Constitutional Change Resisted To Deny Legitimate Rights Of Tamils and Muslims
By Rajan Philips
The official Sri Lankan view is that the only threat to the territorial unity of Sri Lanka is the LTTE’s fight for a separate Tamil State. What is equally true but not equally recognized is that the fight against the separate state is also a grave danger to the island’s territorial unity. By winning and holding territory the LTTE has not been able to create a separate state. Equally, defeating the LTTE and repossessing territory alone will not be enough for the government to unite the country anymore than it is now. The task before the state is not only one of militarily preventing Lanka’s break-up but also that of politically bringing together its currently broken pieces.
Jaffna was repossessed in 1995 and the lesson from what happened over the next twelve years has not been lost on many Sri Lankans. A number of them have expressed concern that a purely military victory in the East will go nowhere if it cannot be sustained politically. It is for this reason that some commentators have floated the idea of holding a referendum in the East to allow the people of the East to say whether they want to stay as a single Province or be merged with the Northern Province.

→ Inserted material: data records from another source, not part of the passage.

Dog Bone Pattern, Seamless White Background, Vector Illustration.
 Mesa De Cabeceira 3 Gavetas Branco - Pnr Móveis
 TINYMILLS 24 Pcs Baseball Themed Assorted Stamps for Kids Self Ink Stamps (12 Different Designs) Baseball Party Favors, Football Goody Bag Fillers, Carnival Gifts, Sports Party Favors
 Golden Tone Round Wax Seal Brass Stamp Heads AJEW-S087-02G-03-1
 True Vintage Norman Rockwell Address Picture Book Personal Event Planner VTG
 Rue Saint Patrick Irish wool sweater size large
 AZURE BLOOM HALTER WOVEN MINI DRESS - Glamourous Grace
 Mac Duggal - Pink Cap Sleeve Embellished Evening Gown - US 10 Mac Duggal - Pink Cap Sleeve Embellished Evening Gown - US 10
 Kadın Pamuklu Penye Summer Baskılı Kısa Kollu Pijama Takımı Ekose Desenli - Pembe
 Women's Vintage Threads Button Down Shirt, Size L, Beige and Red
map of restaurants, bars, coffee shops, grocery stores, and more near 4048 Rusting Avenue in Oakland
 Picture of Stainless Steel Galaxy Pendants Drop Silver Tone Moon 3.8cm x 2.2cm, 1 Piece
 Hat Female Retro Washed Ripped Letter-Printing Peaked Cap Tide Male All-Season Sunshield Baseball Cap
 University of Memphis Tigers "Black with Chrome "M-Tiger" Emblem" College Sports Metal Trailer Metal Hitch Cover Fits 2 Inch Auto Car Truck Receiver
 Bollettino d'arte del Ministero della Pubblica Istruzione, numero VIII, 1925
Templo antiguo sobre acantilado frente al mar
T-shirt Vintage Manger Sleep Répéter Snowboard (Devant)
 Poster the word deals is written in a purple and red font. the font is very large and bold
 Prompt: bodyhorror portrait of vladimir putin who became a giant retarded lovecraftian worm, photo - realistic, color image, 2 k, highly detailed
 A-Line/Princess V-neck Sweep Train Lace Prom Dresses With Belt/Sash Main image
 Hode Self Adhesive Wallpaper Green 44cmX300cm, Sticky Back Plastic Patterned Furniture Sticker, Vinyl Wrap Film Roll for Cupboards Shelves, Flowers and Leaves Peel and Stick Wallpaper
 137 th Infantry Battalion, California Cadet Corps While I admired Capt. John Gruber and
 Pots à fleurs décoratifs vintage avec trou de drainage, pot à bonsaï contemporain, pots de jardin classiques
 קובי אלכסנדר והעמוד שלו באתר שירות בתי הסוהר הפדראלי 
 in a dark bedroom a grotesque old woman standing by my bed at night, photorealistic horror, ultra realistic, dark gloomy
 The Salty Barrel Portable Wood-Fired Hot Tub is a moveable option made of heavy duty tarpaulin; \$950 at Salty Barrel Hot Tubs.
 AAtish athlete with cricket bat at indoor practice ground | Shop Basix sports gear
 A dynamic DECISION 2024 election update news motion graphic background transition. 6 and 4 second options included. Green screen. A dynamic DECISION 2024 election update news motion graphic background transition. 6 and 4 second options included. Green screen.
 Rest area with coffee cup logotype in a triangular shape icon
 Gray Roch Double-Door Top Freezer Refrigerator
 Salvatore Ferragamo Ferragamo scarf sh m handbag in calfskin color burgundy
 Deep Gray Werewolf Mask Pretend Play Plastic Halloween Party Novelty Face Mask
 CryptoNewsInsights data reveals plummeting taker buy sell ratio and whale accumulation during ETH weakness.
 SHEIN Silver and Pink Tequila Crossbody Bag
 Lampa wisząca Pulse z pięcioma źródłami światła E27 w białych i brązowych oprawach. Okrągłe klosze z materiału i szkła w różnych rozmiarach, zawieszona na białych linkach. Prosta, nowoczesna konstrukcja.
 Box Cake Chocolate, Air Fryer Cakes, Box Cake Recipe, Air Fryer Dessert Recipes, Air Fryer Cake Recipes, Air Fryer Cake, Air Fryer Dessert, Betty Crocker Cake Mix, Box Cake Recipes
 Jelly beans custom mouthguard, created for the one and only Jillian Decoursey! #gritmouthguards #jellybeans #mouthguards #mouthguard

Referendum on politically sensitive issues is a difficult exercise in the best of times and holding a referendum in the current circumstances in the East would be ill advised, to be sure, and potentially explosive. The same risks are involved in hurrying to hold a Provincial Council election in the East. One has only to be reminded of the 1981 District Council elections in Jaffna and its consequences not only for the Peninsula but also for the whole country.
Nonetheless, those who moot idea of a referendum in the East have their democratic hearts in the right place, and politically they take the view that failure to consult the people in the East will render the current military victory in the East a pyrrhic victory at best. On the other hand, the opponents of merger from the time of the Indo-Sri Lanka Agreement 1987, and who successfully litigated against the merger last year, are not at all in favour of holding a referendum in the East.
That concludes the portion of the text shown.